2. Determinar à Diretoria de Controle dos Municípios - DMU, deste Tribunal, que proceda, nos autos do PCA 03/00293763, à citação dos responsáveis abaixo nominados, nos termos do art. 15, II, c/c o art. 6º, I , e art. 1º, III, todos da Lei Complementar nº 202/00, para, no prazo de 30 (trinta) dias, a contar da data da comunicação da citação, com fulcro no art. 17, II, da Resolução TC-06/01, apresentarem alegações de defesa acerca do recebimento indevido, em razão do pagamento por sessões extraordinárias realizadas durante o período legislativo ordinário aos vereadores, conforme quadro às fls. 76 do Processo nº PCA 03/00293763, em afronta ao disposto no art. 39, §4º c/c art. 57, §7º, ambos da Constituição Federal de 1998; irregularidade ensejadora de imputação de débito e/ou aplicação de multas previstas nos arts. 68 a 70 da Lei Complementar n° 202/00:

 

2.1 Sr. Altair Moreira, Vereador da Câmara Municipal de Presidente Nereu no exercício de 2002, em razão do recebimento de R$ 120,42 (cento e vinte reais e quarenta e dois centavos);

 

2.2 Sr. Nei Feuzer, Vereador da Câmara Municipal de Presidente Nereu no exercício de 2002, em razão do recebimento de R$ 120,42 (cento e vinte reais e quarenta e dois centavos);

 

2.3 Sr. Paulo Kochanski, Vereador da Câmara Municipal de Presidente Nereu no exercício de 2002, em razão do recebimento de R$ 120,42 (cento e vinte reais e quarenta e dois centavos);

 

2.4 Sr. Mauro Rech, Presidente da Câmara Municipal de Presidente Nereu no exercício de 2002, em razão do recebimento de R$ 180,63 (cento e oitenta reais e oitenta e três centavos);

 

2.5 Sr. José de Souza, Vereador da Câmara Municipal de Presidente Nereu no exercício de 2002, em razão do recebimento de R$ 120,42 (cento e vinte reais e quarenta e dois centavos);

 

2.6 Sr. Celso A. Vieira, Vereador da Câmara Municipal de Presidente Nereu no exercício de 2002, em razão do recebimento de R$ 120,42 (cento e vinte reais e quarenta e dois centavos);

 

2.7 Sr. Eudegar J. Back, Vereador da Câmara Municipal de Presidente Nereu no exercício de 2002, em razão do recebimento de R$ 120,42 (cento e vinte reais e quarenta e dois centavos);

 

2.8 Sr. José C. Francisco, Vereador da Câmara Municipal de Presidente Nereu no exercício de 2002, em razão do recebimento de R$ 120,42 (cento e vinte reais e quarenta e dois centavos);

 

2.9 Sr.

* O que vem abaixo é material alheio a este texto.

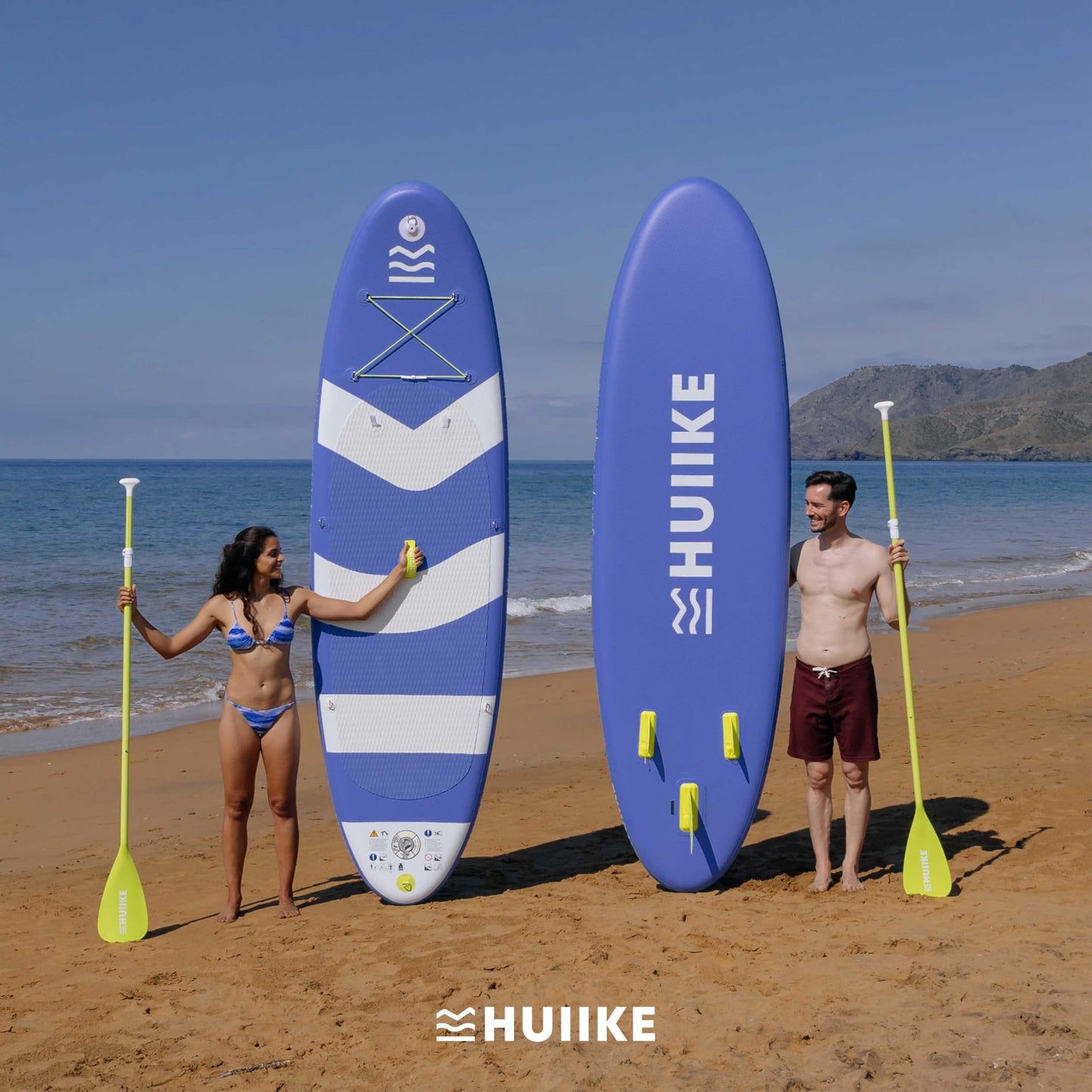 Stand Up Paddling Board Hochwertigem Zubehör - HUIIKE | Sup Board Aufblasbar Stand Up Paddle mit Aluminium-Paddel | Sup Paddel Großer Stabilität und Langlebigkeit | Standup Paddleboard Aufblasbar Set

Salésio Pereira, Vereador da Câmara Municipal de Presidente Nereu no exercício de 2002, em razão do recebimento de R$ 120,42 (cento e vinte reais e quarenta e dois centavos);

 

3. Dar Ciência deste Acórdão, bem como do Parecer e Voto que o fundamentam à Câmara Municipal de Presidente Nereu, ao Sr. Mauro Rech – Presidente da Câmara Municipal de Presidente Nereu no exercício de 2002.

 

Gabinete, em 15 de dezembro de 2008.